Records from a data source

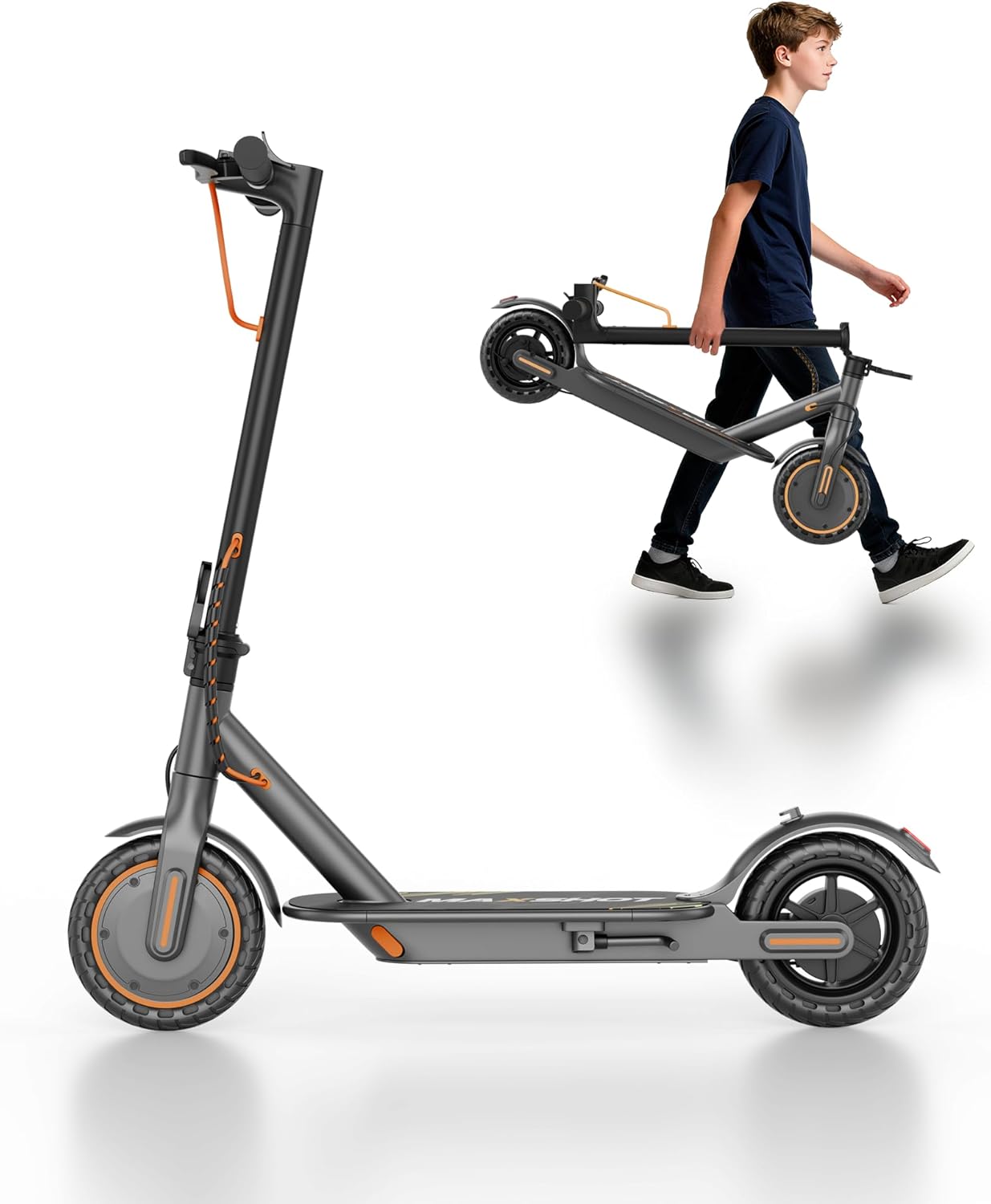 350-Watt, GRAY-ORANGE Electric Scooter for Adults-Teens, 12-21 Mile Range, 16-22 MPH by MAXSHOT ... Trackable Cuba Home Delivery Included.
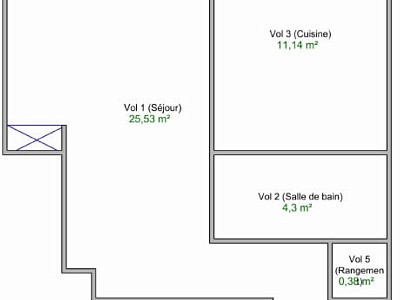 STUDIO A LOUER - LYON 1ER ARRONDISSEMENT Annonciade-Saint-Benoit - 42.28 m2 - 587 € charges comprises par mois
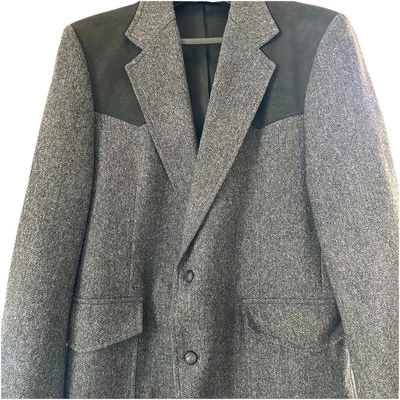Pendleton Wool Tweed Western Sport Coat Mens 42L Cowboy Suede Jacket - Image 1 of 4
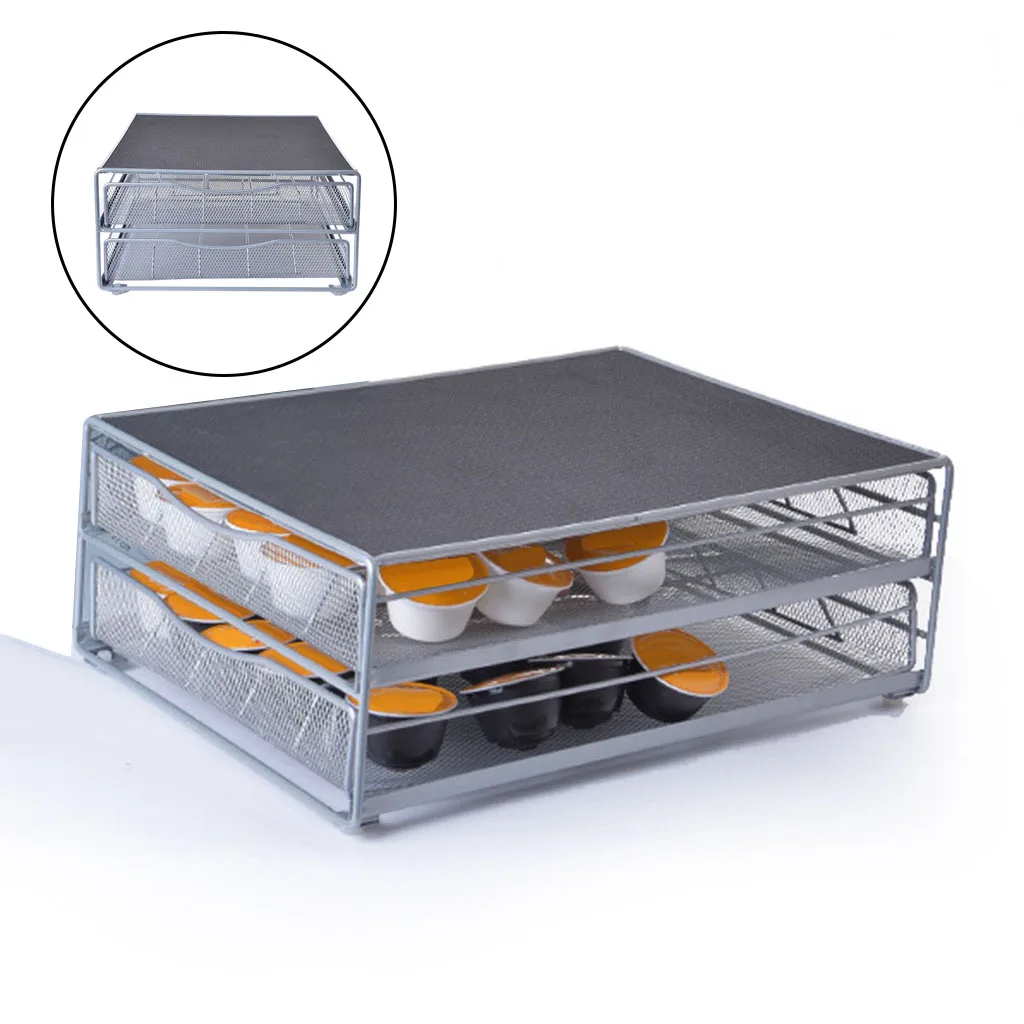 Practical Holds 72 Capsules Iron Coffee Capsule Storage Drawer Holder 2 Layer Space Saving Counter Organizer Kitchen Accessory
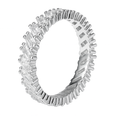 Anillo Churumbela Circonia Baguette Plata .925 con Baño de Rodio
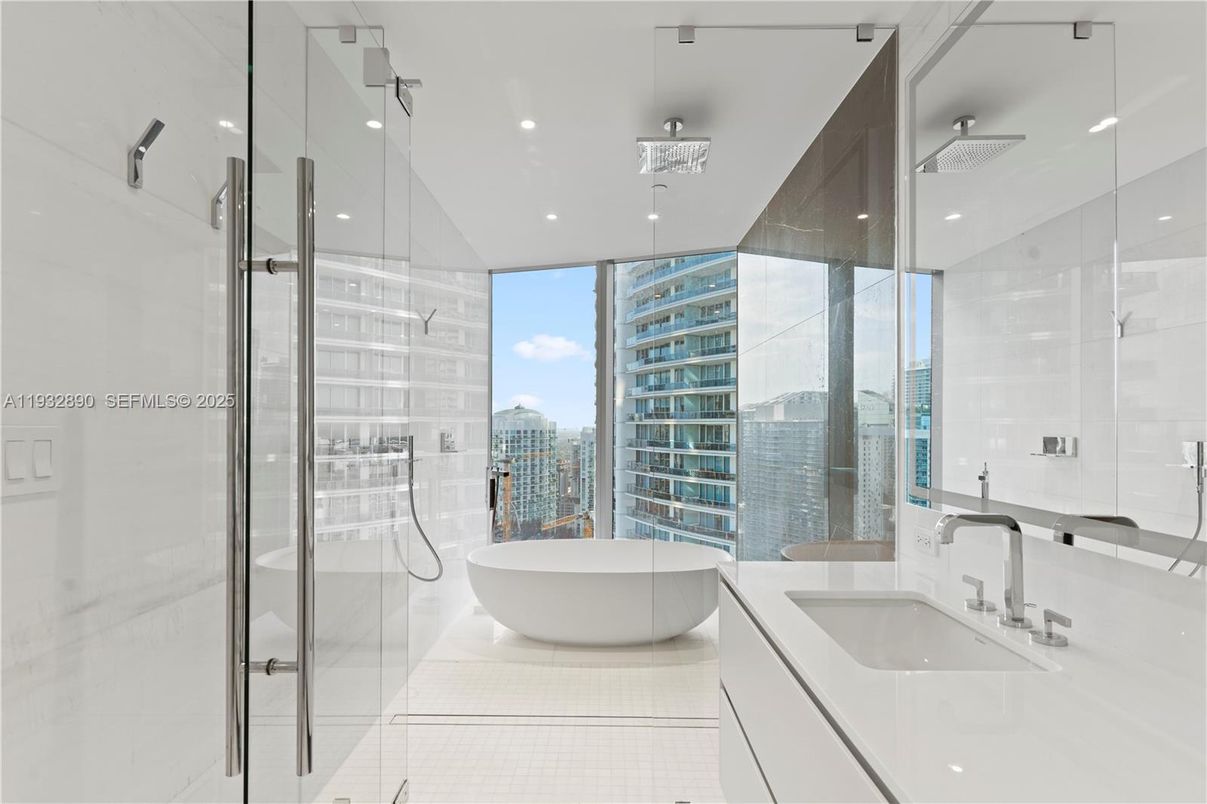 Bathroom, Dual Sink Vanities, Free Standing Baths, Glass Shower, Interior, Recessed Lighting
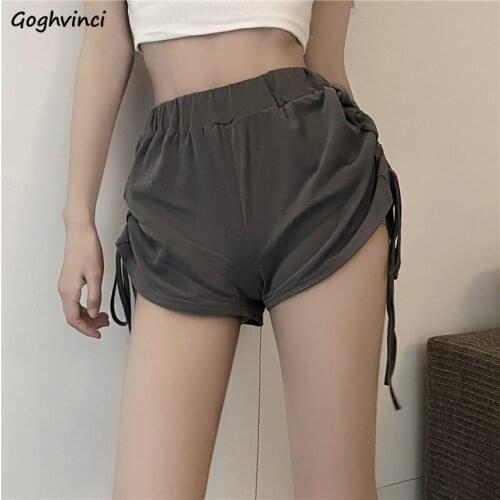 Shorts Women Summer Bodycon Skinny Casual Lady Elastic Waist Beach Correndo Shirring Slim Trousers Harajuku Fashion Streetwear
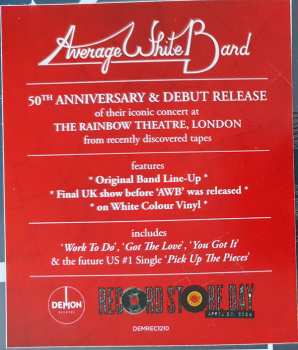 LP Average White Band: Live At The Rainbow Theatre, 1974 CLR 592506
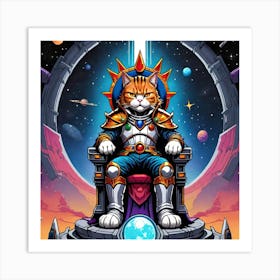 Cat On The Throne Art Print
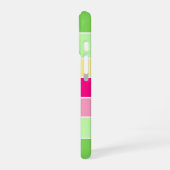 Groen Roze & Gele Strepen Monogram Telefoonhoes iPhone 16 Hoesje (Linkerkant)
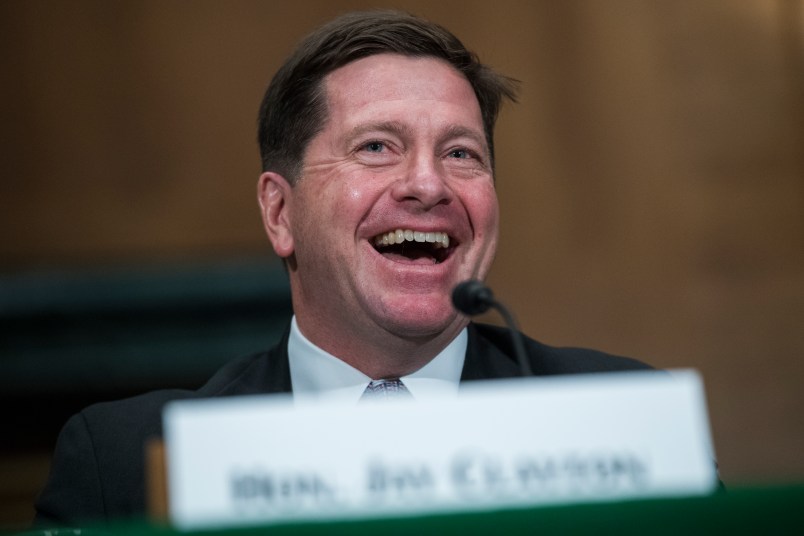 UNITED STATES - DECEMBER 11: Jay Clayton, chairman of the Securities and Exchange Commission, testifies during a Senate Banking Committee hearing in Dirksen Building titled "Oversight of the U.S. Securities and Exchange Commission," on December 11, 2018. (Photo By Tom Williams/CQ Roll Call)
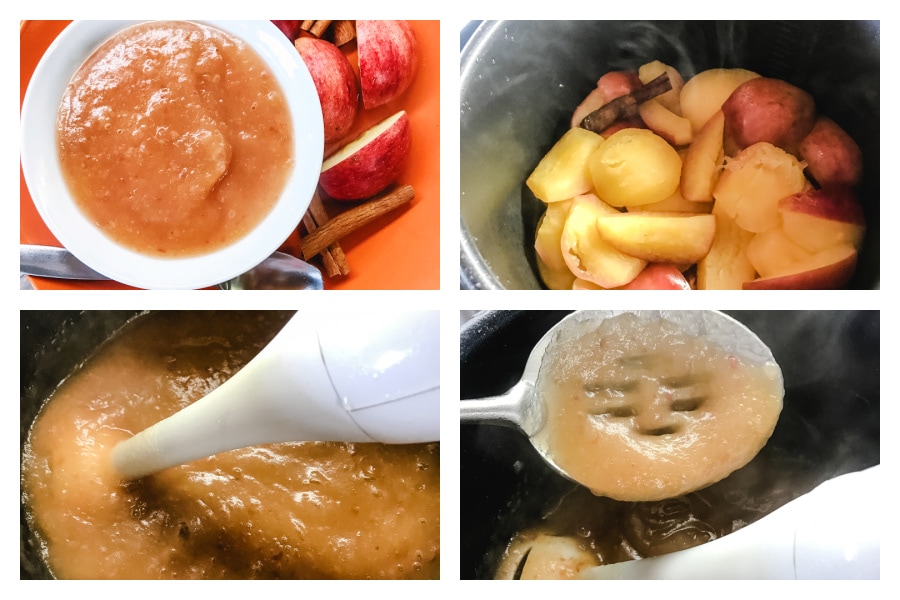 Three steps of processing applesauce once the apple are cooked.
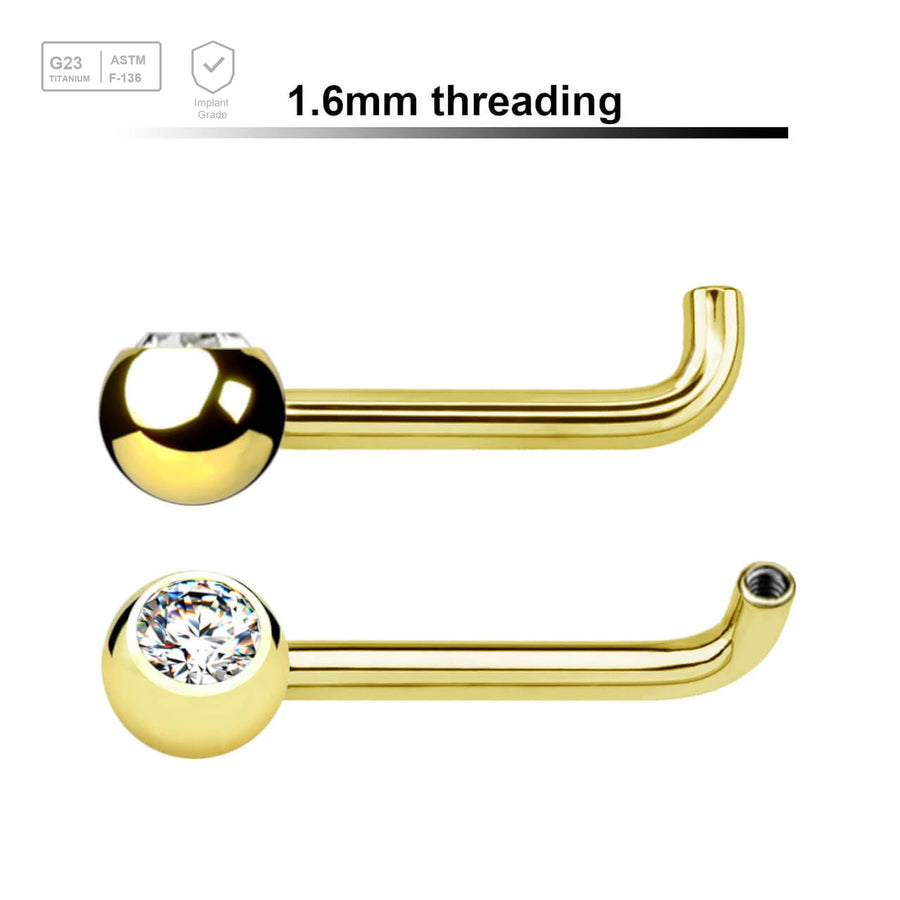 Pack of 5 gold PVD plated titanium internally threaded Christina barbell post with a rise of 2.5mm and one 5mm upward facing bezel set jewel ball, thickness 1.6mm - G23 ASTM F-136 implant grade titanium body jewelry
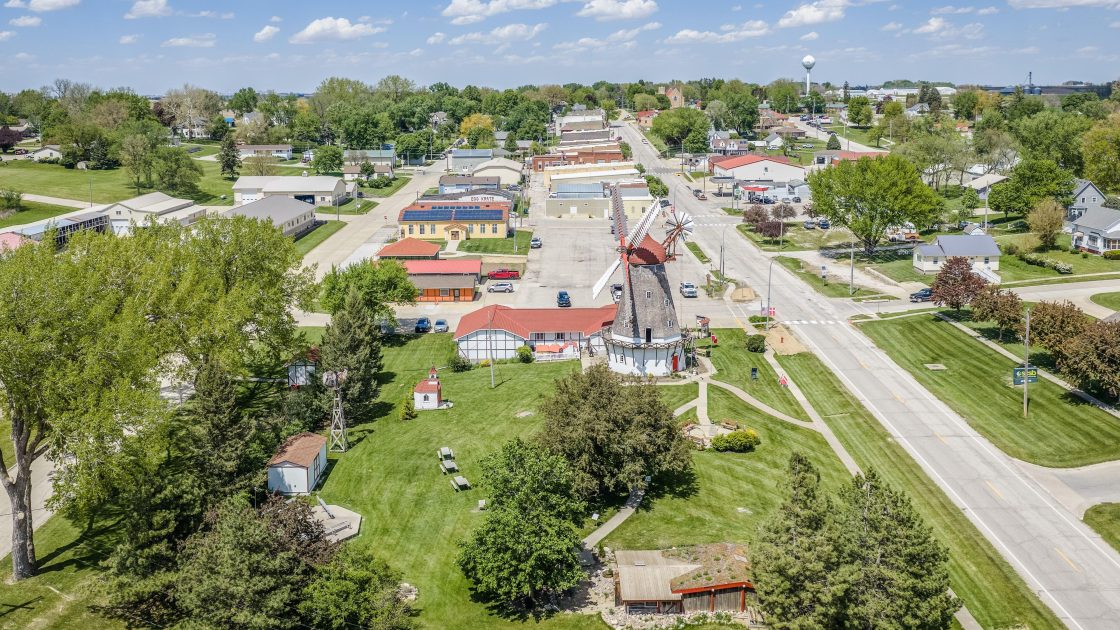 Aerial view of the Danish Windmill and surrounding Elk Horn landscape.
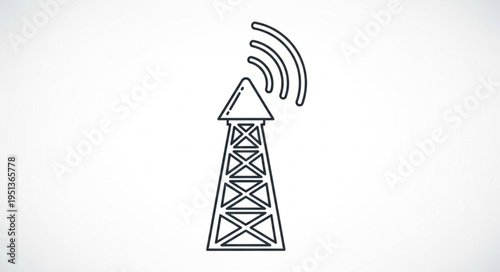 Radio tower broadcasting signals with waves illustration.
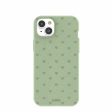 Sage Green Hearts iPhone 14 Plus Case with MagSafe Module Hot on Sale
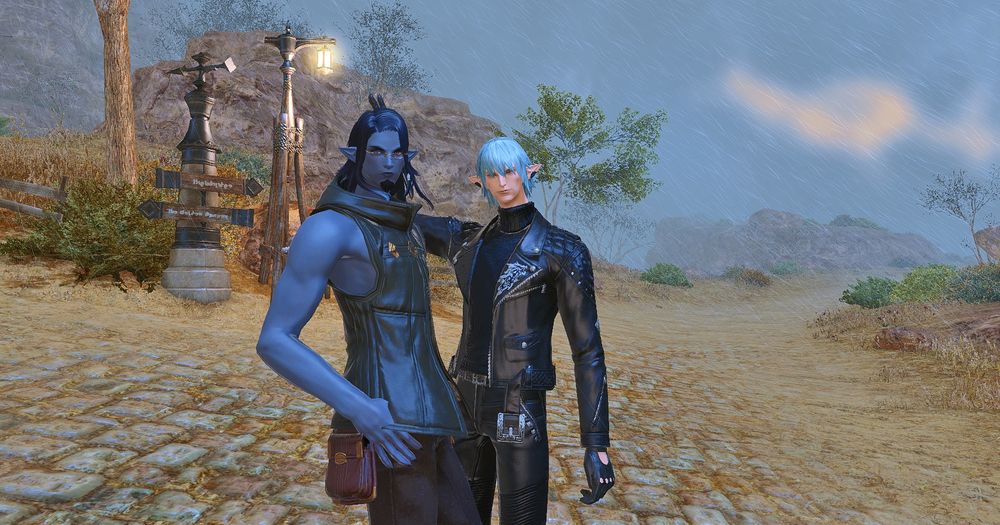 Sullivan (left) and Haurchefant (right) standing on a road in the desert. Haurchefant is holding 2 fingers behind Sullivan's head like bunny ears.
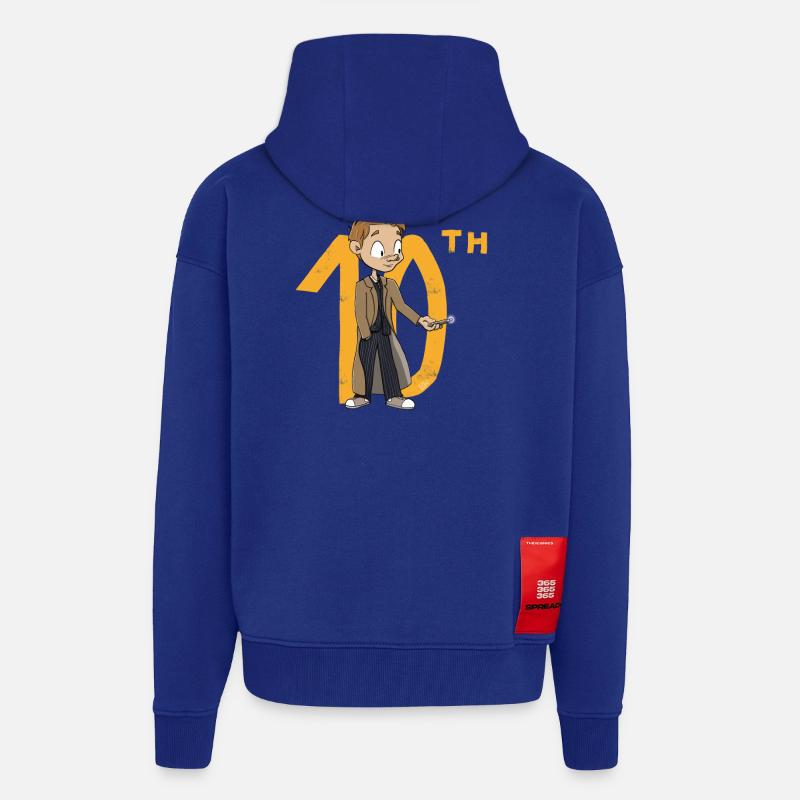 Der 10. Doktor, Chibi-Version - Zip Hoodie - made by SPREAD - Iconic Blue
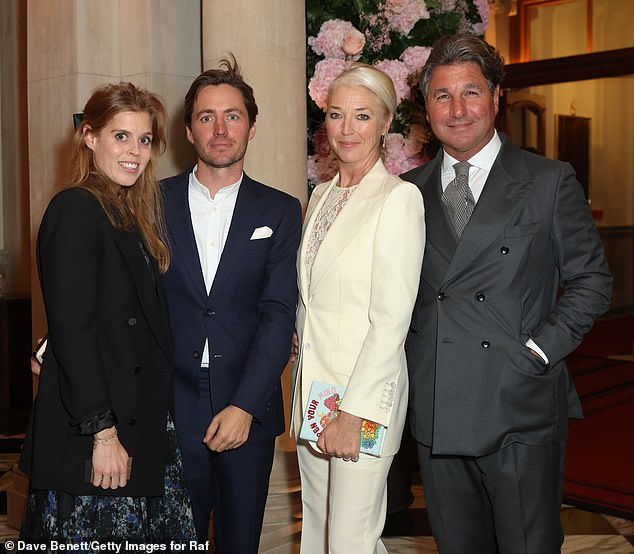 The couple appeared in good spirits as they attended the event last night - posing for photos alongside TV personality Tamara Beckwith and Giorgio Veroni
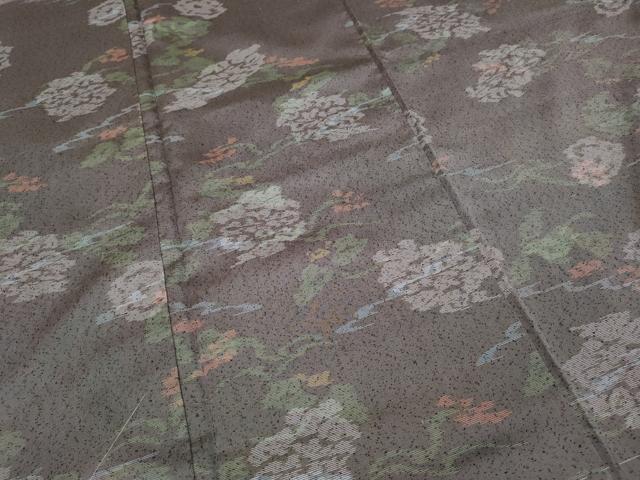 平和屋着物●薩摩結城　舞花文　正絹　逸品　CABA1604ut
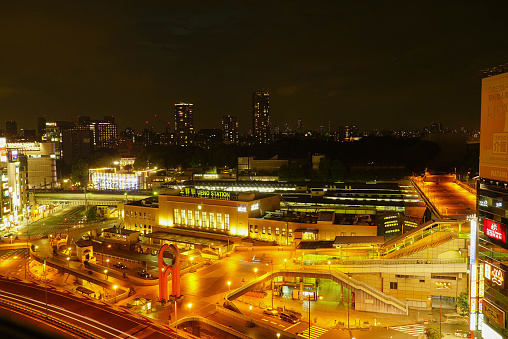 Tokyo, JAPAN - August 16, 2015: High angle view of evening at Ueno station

Task:
The answer should consist only of the lines above from the one with "Anillo Churumbela Circonia" through the one with "Groen Roze &", repeated exactly, with no pictures among them.

Solution to this task:
 Anillo Churumbela Circonia Baguette Plata .925 con Baño de Rodio
 Bathroom, Dual Sink Vanities, Free Standing Baths, Glass Shower, Interior, Recessed Lighting
 Shorts Women Summer Bodycon Skinny Casual Lady Elastic Waist Beach Correndo Shirring Slim Trousers Harajuku Fashion Streetwear
 LP Average White Band: Live At The Rainbow Theatre, 1974 CLR 592506
 Cat On The Throne Art Print
 Groen Roze & Gele Strepen Monogram Telefoonhoes iPhone 16 Hoesje (Linkerkant)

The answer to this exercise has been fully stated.